■ AIM OF THE EXERCISE ■
Using the material below, print the line that contains "Kaukko Kids Erkek", the line that contains "Platinum Plated Brass", and every line in between, exactly and nothing else.

### DATASET RECORDS

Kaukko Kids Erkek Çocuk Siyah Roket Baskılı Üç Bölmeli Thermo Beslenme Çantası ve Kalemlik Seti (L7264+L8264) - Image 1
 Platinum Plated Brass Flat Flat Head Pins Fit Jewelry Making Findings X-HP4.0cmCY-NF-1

######
### DATASET RECORDS

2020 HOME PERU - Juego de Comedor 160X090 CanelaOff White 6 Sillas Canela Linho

######

■ ANSWER BOX ■
Kaukko Kids Erkek Çocuk Siyah Roket Baskılı Üç Bölmeli Thermo Beslenme Çantası ve Kalemlik Seti (L7264+L8264) - Image 1
 Platinum Plated Brass Flat Flat Head Pins Fit Jewelry Making Findings X-HP4.0cmCY-NF-1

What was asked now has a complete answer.